Mondial-2018 et Présidentielle-2019
Pr Ibou Sané, politologue et sociologue, ne dit pas autre chose. Cependant, il voit plus large : "Senghor a pris le développement par la culture. Wade l’a pris par les infrastructures. D’autres l’ont pris par l’économie, le social, etc. : chaque chef d’État marque son temps en prenant une dimension du développement. Maintenant ils essaient, à côté de la principale dimension, de mettre une dimension connexe qu’est le sport qu’on met toujours à côté de la culture et du tourisme. Voilà pourquoi nos Présidents se précipitent vers le foot. C’est pour bien vendre la destination Sénégal, pour donner une vitrine au pays sur le plan économique."
Il y a aussi le gain politique potentiel. "Si l’équipe nationale arrive en demi-finale de la Coupe du monde, en 2019, cela va donner de l’élan au chef de l’État, prédit Ibou Sané. Cela va faire baisser la tension, les attentions seront focalisées sur le sport et plus elle va gagner, plus cela fait de l’aura pour le Président. Et pendant ce temps, ses adversaires risquent d’être éclipsés."
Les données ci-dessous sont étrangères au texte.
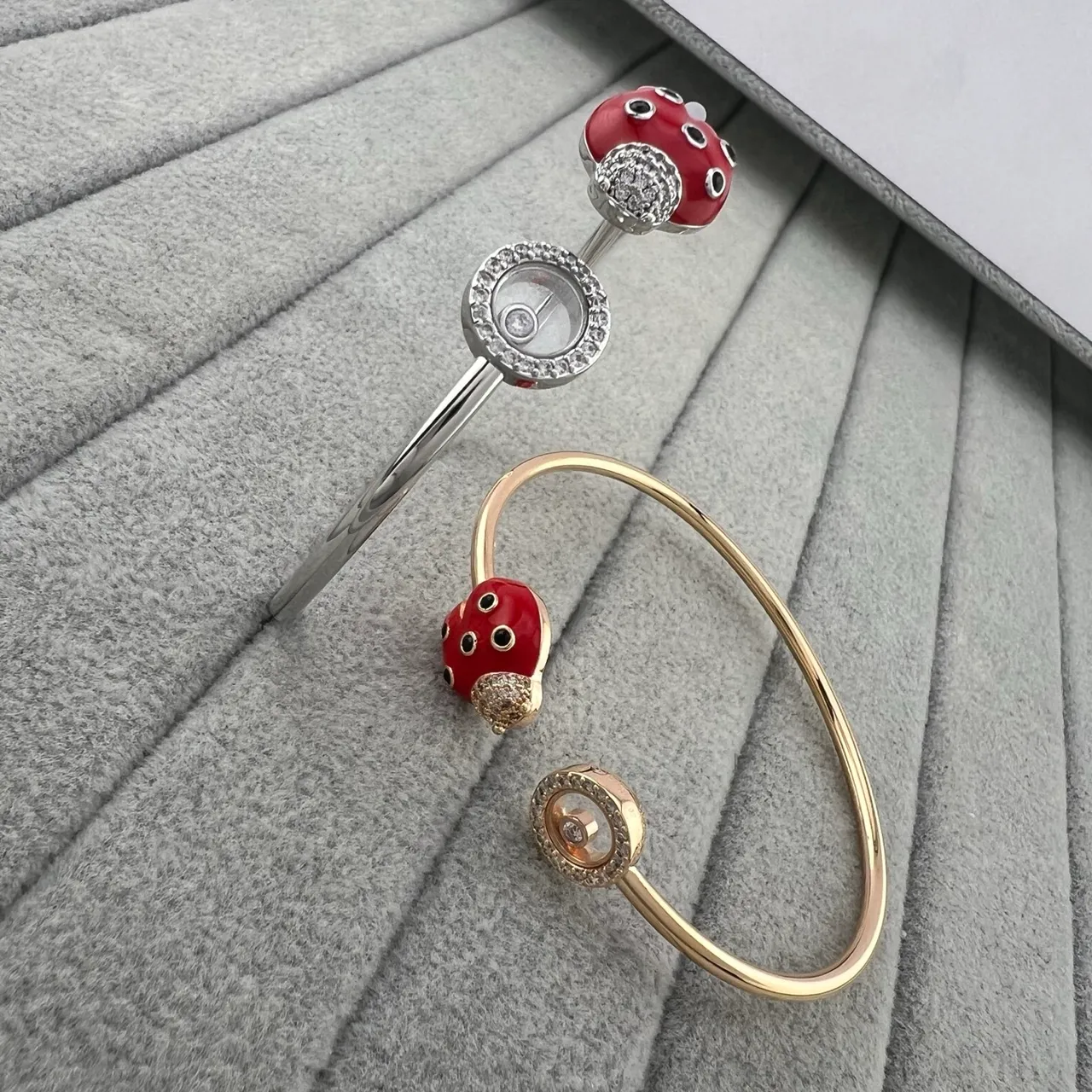 Red Enamel Ladybug Charm Open Bangle Bracelets 5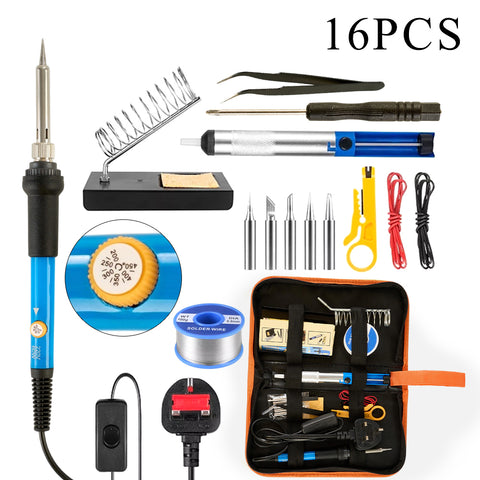 16 in 1 Adjustable Temperature Electric Soldering Iron Kit, GT140048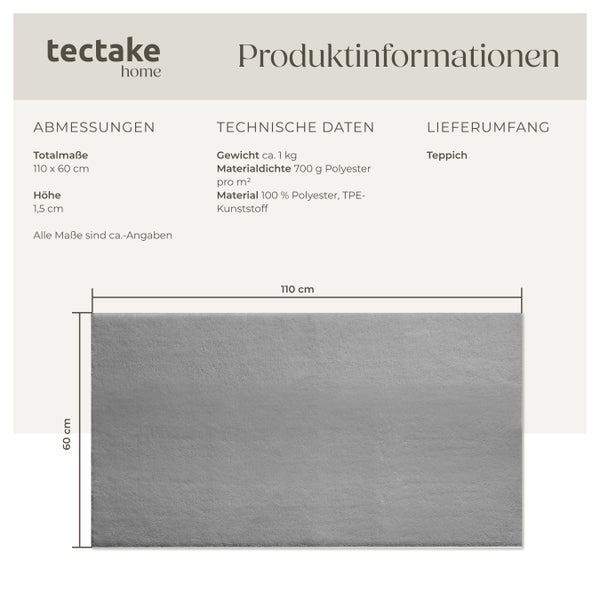 Kurzflorteppich tectake rutschfeste Unterseite verschiedene Größen und Farben 60 x 110 cm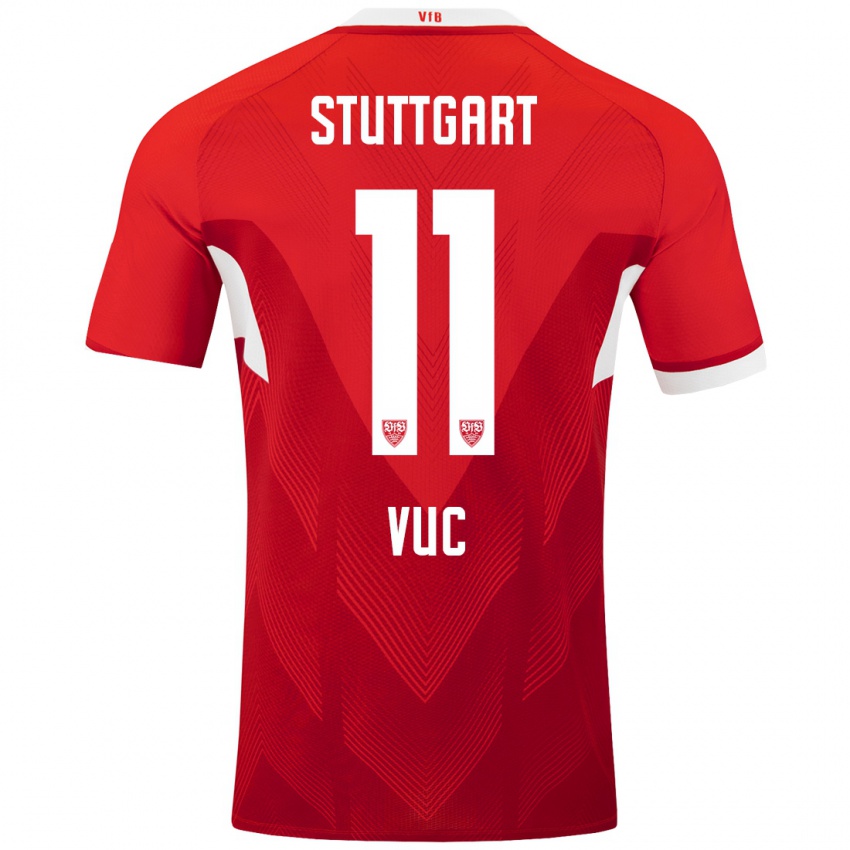 Hombre Camiseta Patrick Vuc #11 Rojo Blanco 2ª Equipación 2024/25 La Camisa Chile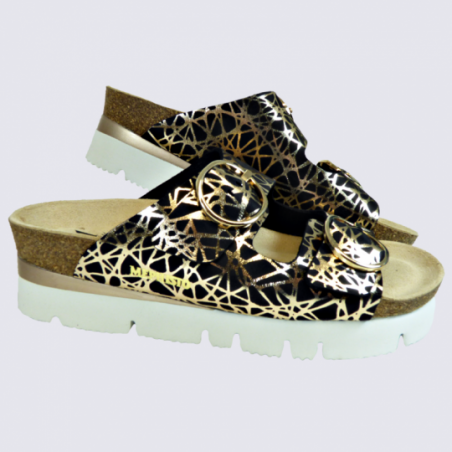 Mules Mephisto, mules compensées tendances femme en cuir noir et détails dorés Mules Mephisto, mules compensées tendances femme en cuir noir et détails dorés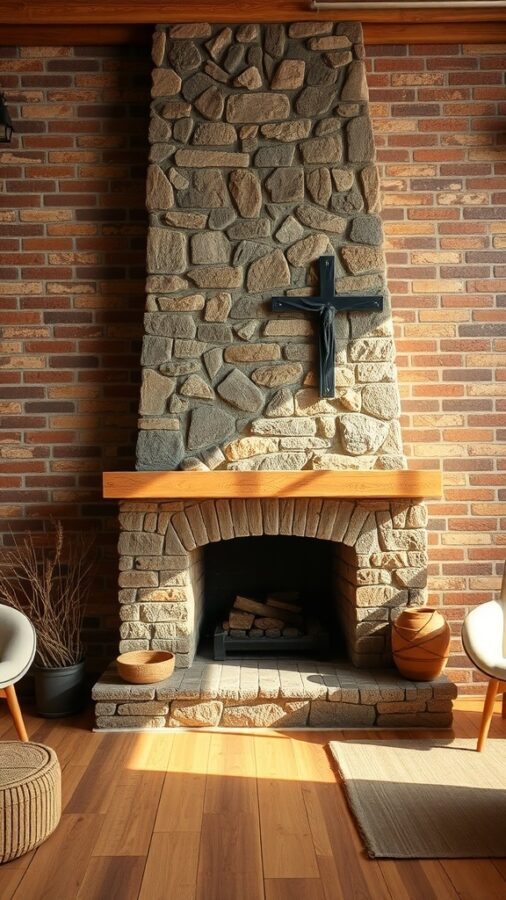 Stone fireplace with wooden mantel and brick walls in a cozy living room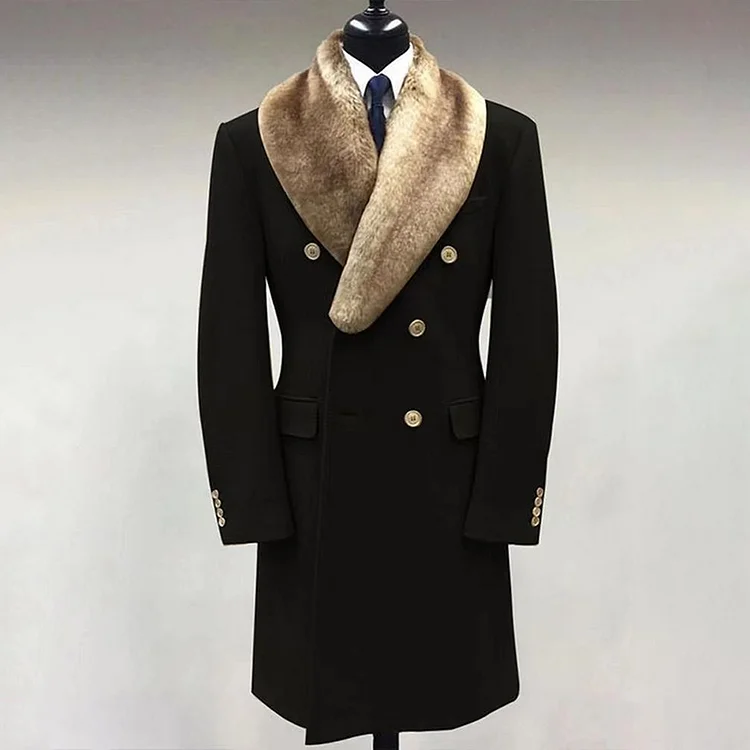 2023 Fashion Casual Fur Lapel Collar Graphic Pattern Long Sleeve Coat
C’est sans doute pour éviter une telle éclipse que le président du Grand parti, Malick Gakou, a prévu de se rendre en Russie pour assister au premier match des Lions pour le Mondial, mardi contre la Pologne. Il sera dans le même stade que le Président Macky Sall qui, lui, a décidé de prendre 12 jours de congés, à partir de ce samedi, pour aller soutenir les Lions à la Coupe du monde.